Florian Teichtmeister, qui joue l’empereur François-Joseph, époux de Sissi, a été inculpé pour énorme possession de matériel pédopornographique. Un crime grave. L’acteur devra en répondre en cour en février prochain et plaiderait coupable, selon son avocat. On applaudit. Mais le film tout entier en pâtit.

La chaîne Cineplexx, basée en Autriche, l’a retiré de l’affiche. La télévision publique ORF, cofinancière de l’œuvre, ne la présentera pas sur ses ondes. La réalisatrice, qui n’y est pour rien, s’arrache les cheveux, déplorant que son œuvre féministe soit à ce point salie et abîmée par les actions horribles d’une seule personne. Le tournage avait commencé en amont des premières rumeurs sur les mœurs de l’interprète. Puis l’acteur nia tout.

D’autres personnes du milieu invitent à faire la différence entre un film et la conduite d’un de ses acteurs. À Vienne, l’Association professionnelle de l’industrie cinématographique entend maintenir Corsage dans la course aux Oscar pour représenter l’Autriche dans la section du meilleur film étranger. Il se trouve déjà dans une présélection de 15 titres. Sans grande chance de figurer au peloton des œuvres en lice après ces terribles remous.

Devant l’acteur (au rôle antipathique), certains ne verront plus que le pédophile. La tempête est accentuée par les médias sociaux, qui encouragent le boycottage du film, non généralisé pour l’instant.
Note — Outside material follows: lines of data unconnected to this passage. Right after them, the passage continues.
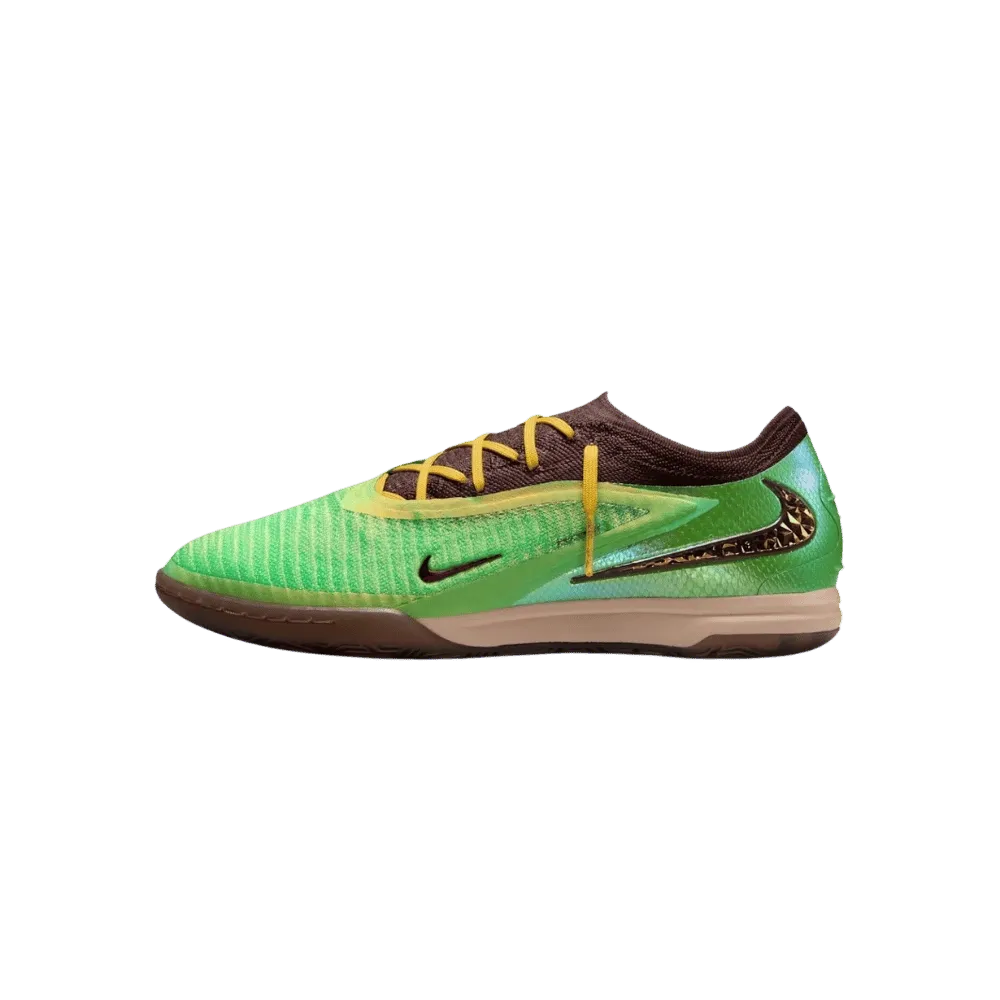 Travis Scott x Nike Phantom 6 Low Elite IC SE 'Multi Color Metallic Gold'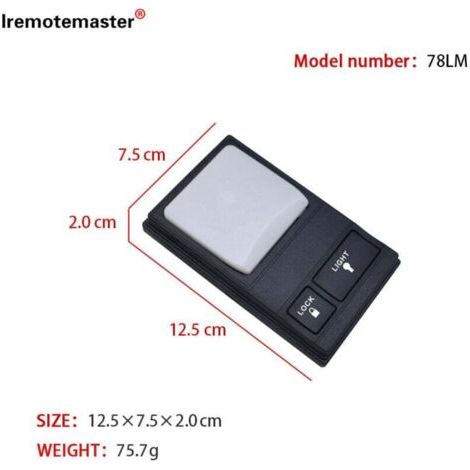 BUNTHAUS PA Interrupteur Murial Alarme Porte de Garage Compatible Liftmaster 41A5273-1 78LM, Interrupteur de Sécurité Universel avec Système d'Alerte (1/3)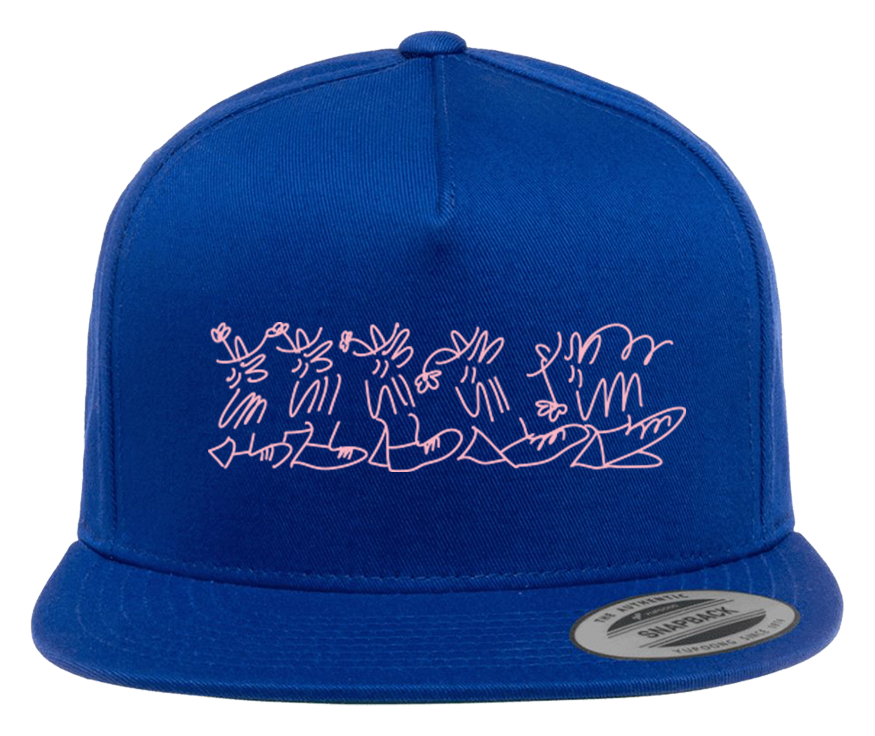 Walking Gus's Embroidered Hat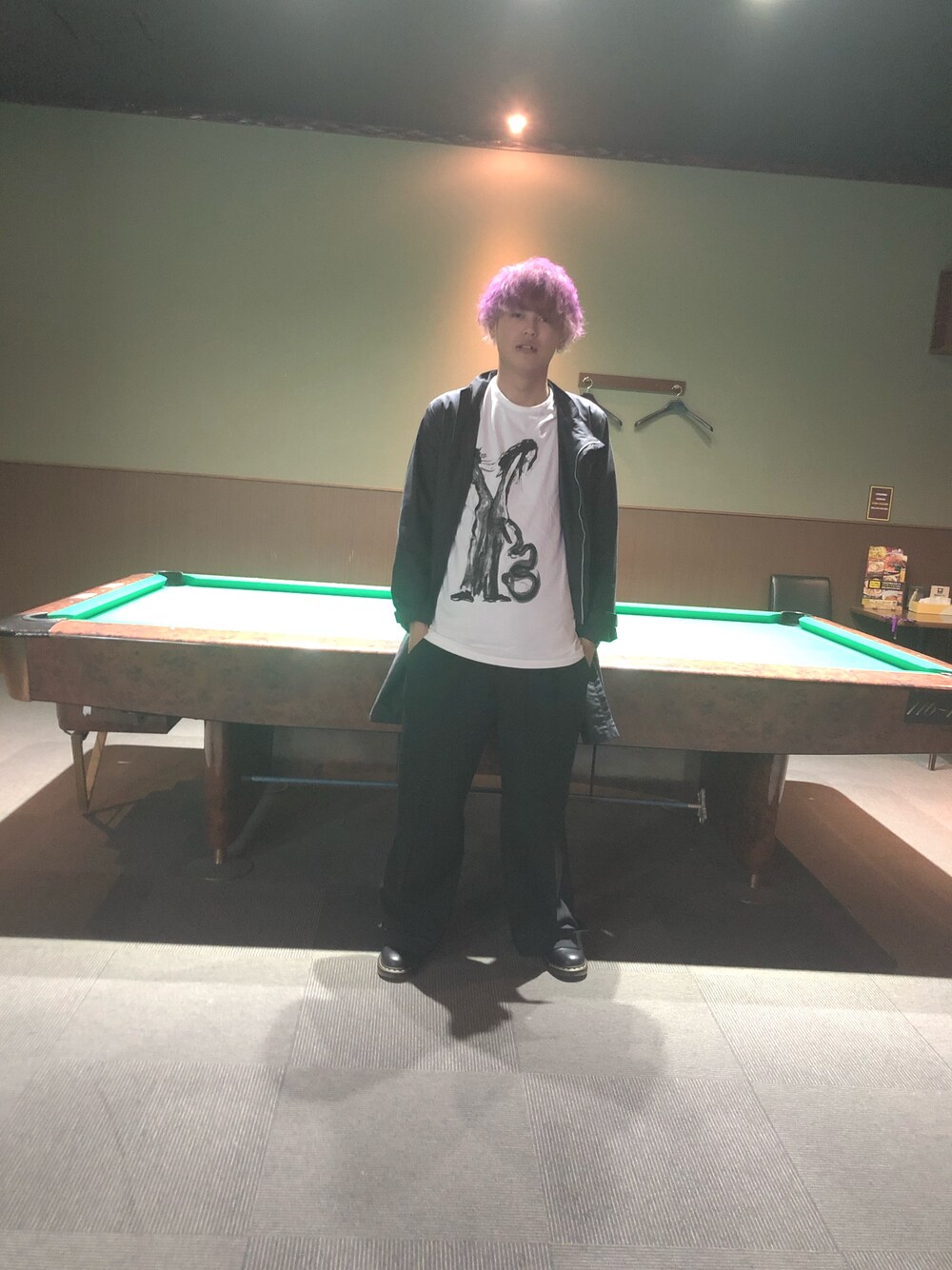 「ヨウジヤマモト、おしゃれさんと繋がりたい、mode、yohjiyamamoto」｜「Y'sのアイテム（Tシャツ/カットソー、ホワイト系）」を使った、ひーろーさん（メンズ・178cm）の春コーディネートの1枚目の写真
Les réflexes de repli sont humains devant l’horreur d’un crime, mais il y a moyen de regarder au-delà.

Car des questions éthiques se profilent au détour. Les compagnies artistiques devraient-elles jouer les enquêteurs de police avant d’embaucher pour leurs projets interprètes et techniciens pour s’assurer de leurs bonnes mœurs ? Ça entraînerait de graves violations de la vie privée, bientôt dénoncées par tous. Voici donc le milieu à la merci d’une éventuelle brebis galeuse, susceptible de jeter toute une production à terre. Une œuvre ambitieuse comme Corsage aura fait travailler 300 techniciens et interprètes. Décourageant ! Des membres de la profession tremblent. De quoi vouloir changer de métier.

Déjà que des œuvres du passé, jugées non conformes aux normes du jour, se voient effacées des circuits de diffusion sans qu’on tienne compte de leur contexte historique. Les projets contemporains sont menacés de concert. Nos sociétés ne pourraient-elles apprendre à faire la part des choses ? Ne serait-ce que pour offrir demain, sous d’autres vagues, un vrai legs culturel aux générations futures ? Celles-ci auront bien besoin de lumières pour déchiffrer un horizon planétaire déjà brouillé devant leurs yeux.